Captioned web images
───
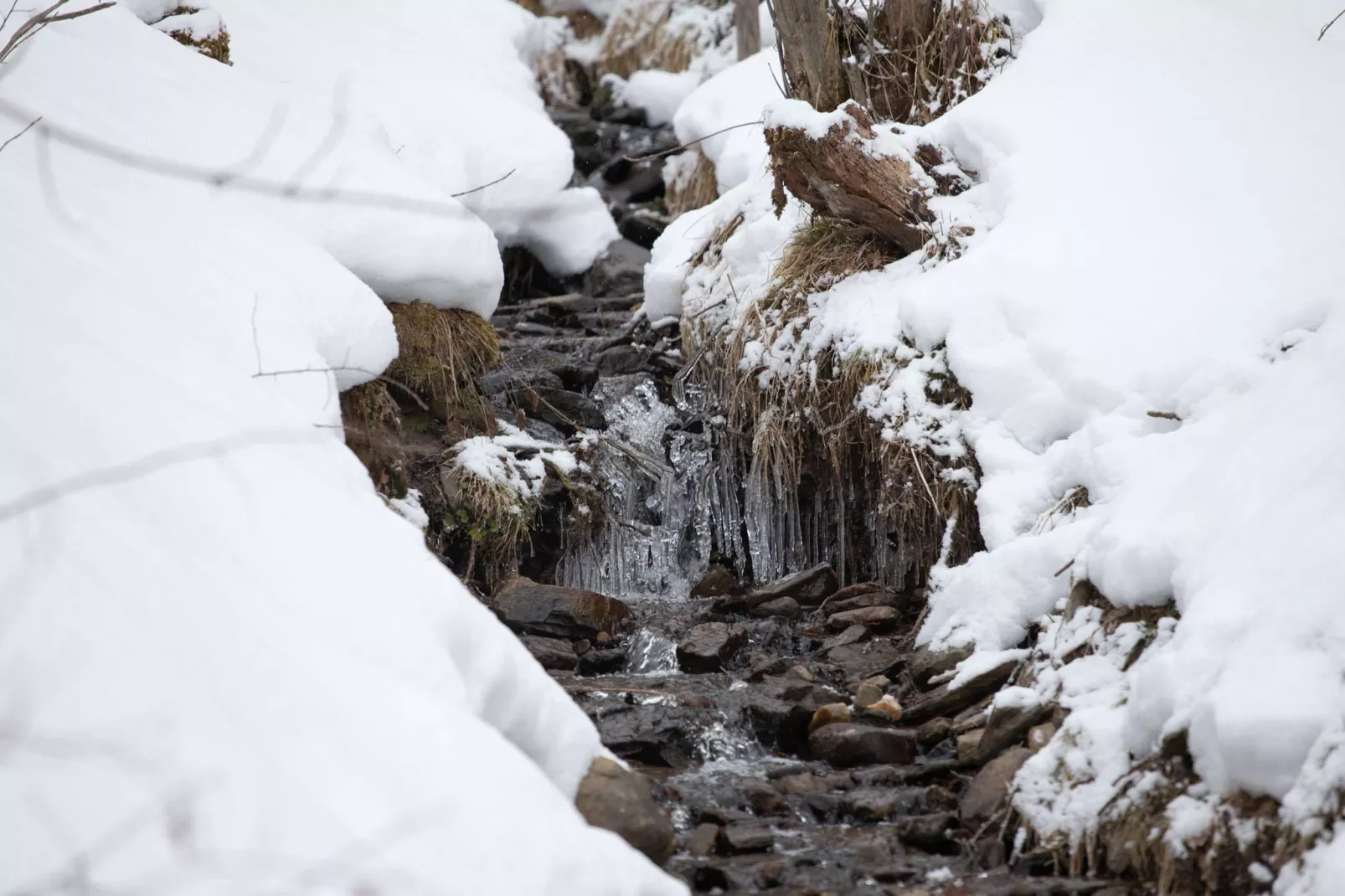 Chalet De Berghut-Gebied winter 5km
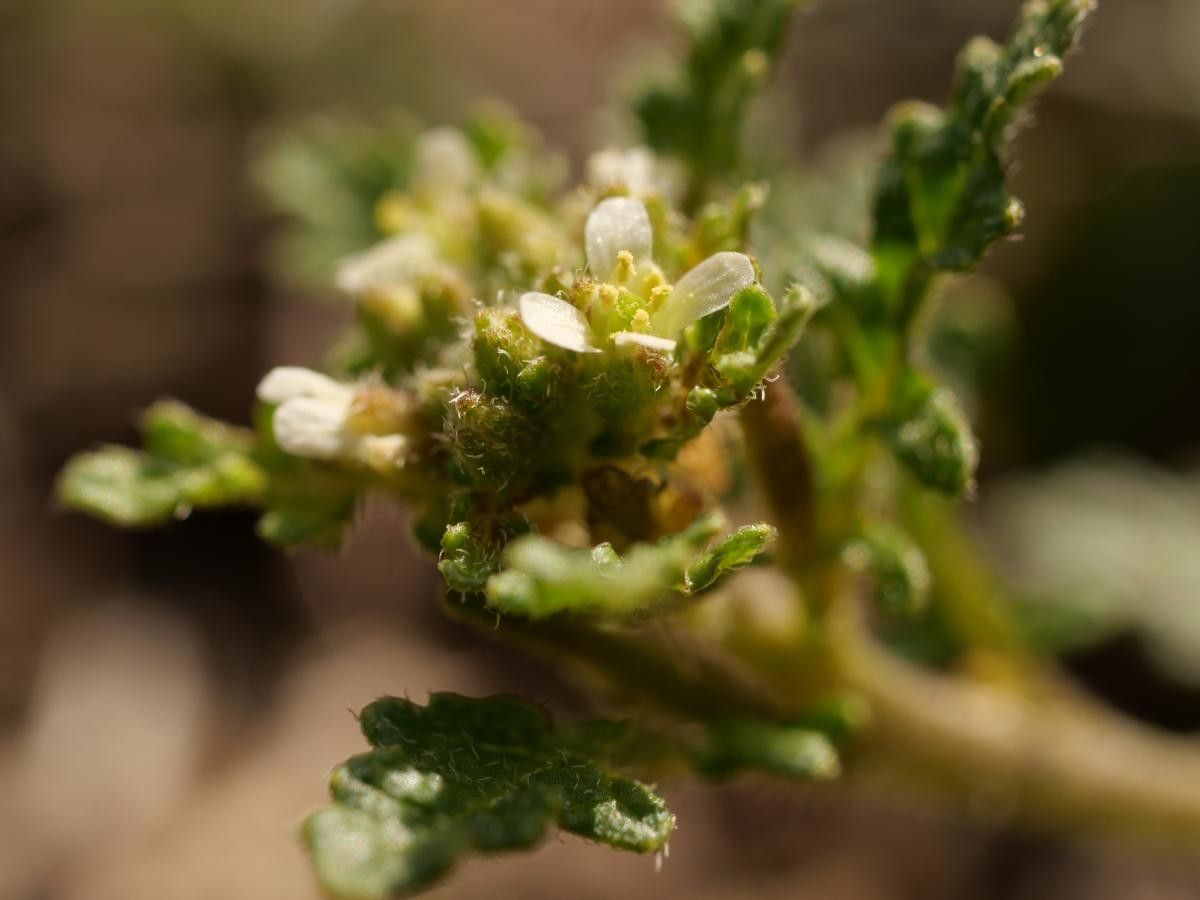 Erucastrum supinum flower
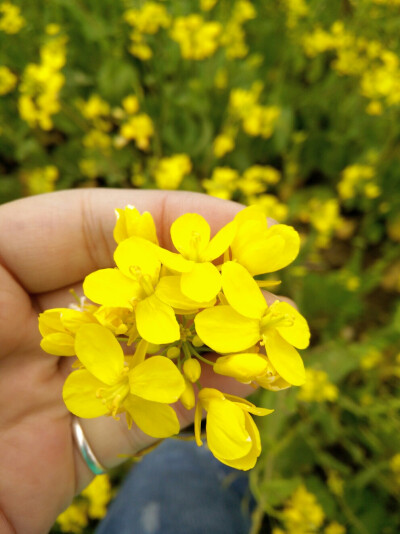 油菜花地，青海湖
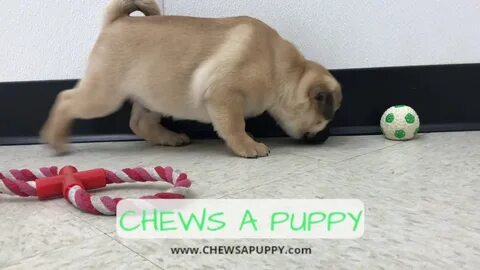 Pug Puppy For Sale Chews A Puppy Orlando,FL - YouTube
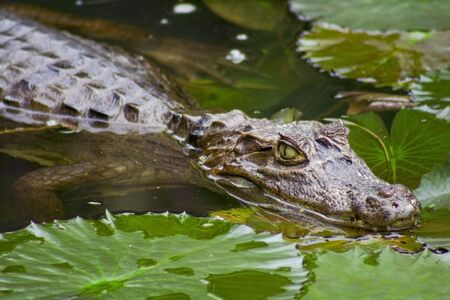a costa rican cayman in a lilly poolの写真素材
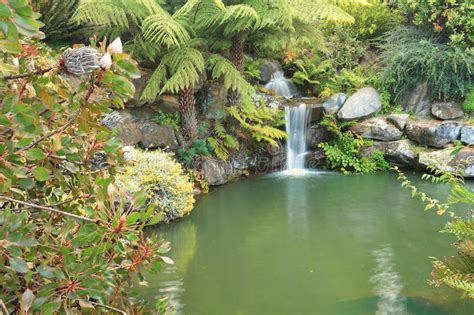 Tranquil Waterfall In Lush Environment Mt Tomah Australia Stock Image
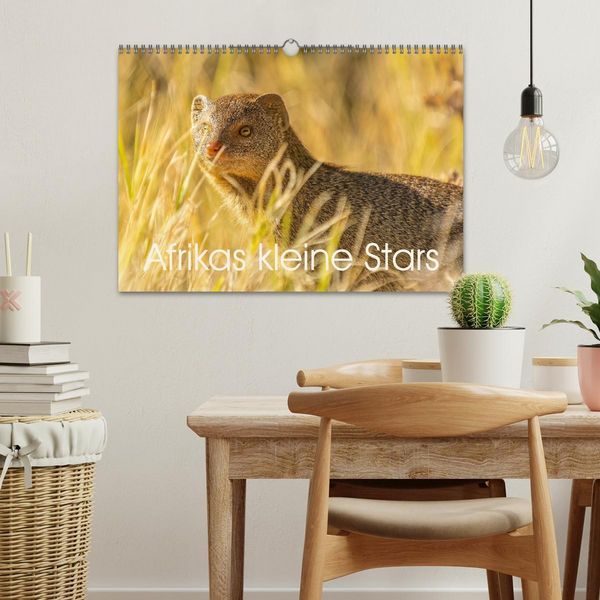 Produktbild: Afrikas kleine Stars (Wandkalender 2026 DIN A3 quer), CALVENDO Monatskalender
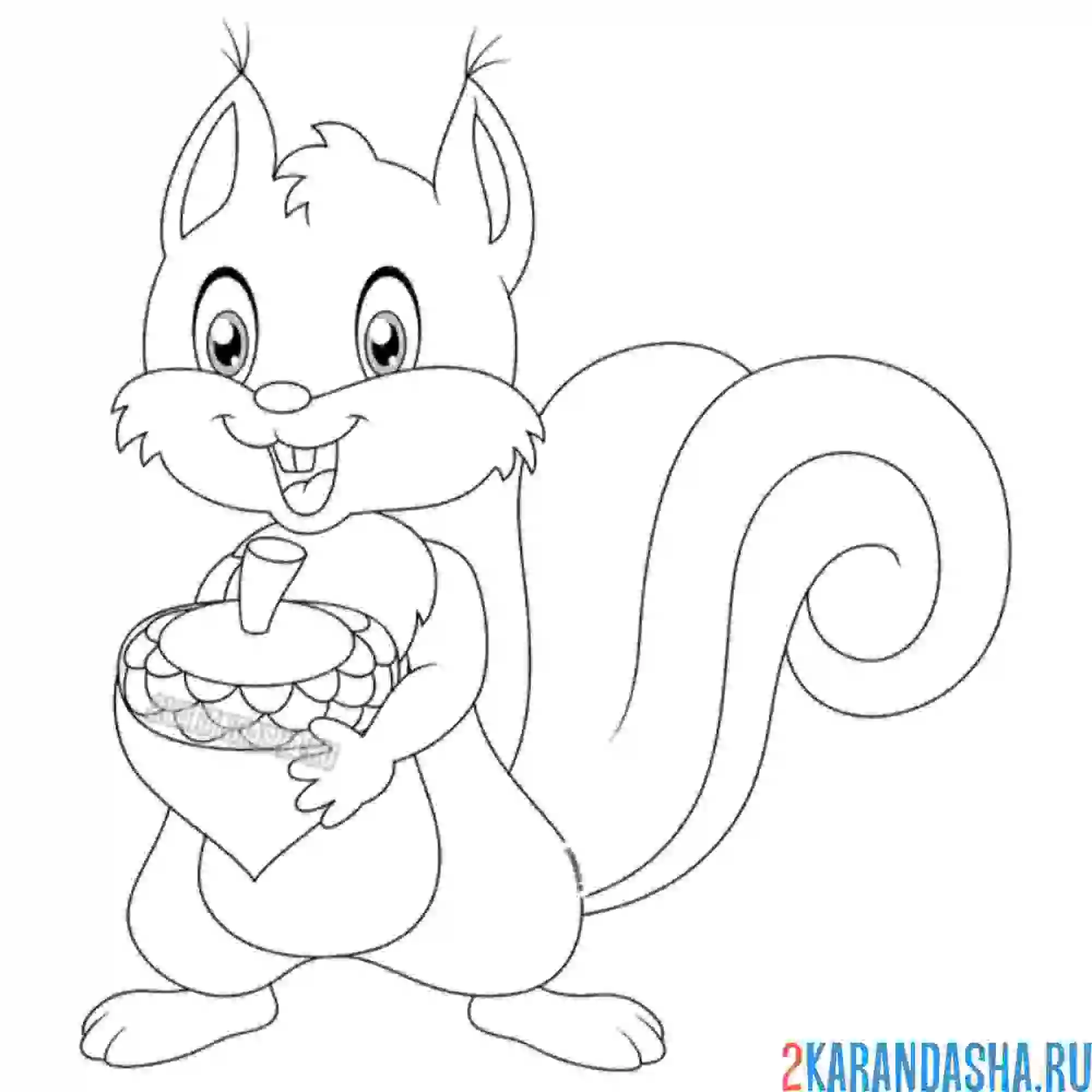 Раскраска пушистик белка с орехом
───
Assigned task:
For this exercise, return every entry verbatim and omit all pictures.

Solution to this problem:
 Chalet De Berghut-Gebied winter 5km
 Erucastrum supinum flower
 油菜花地，青海湖
 Pug Puppy For Sale Chews A Puppy Orlando,FL - YouTube
a costa rican cayman in a lilly poolの写真素材
 Tranquil Waterfall In Lush Environment Mt Tomah Australia Stock Image
 Produktbild: Afrikas kleine Stars (Wandkalender 2026 DIN A3 quer), CALVENDO Monatskalender
 Раскраска пушистик белка с орехом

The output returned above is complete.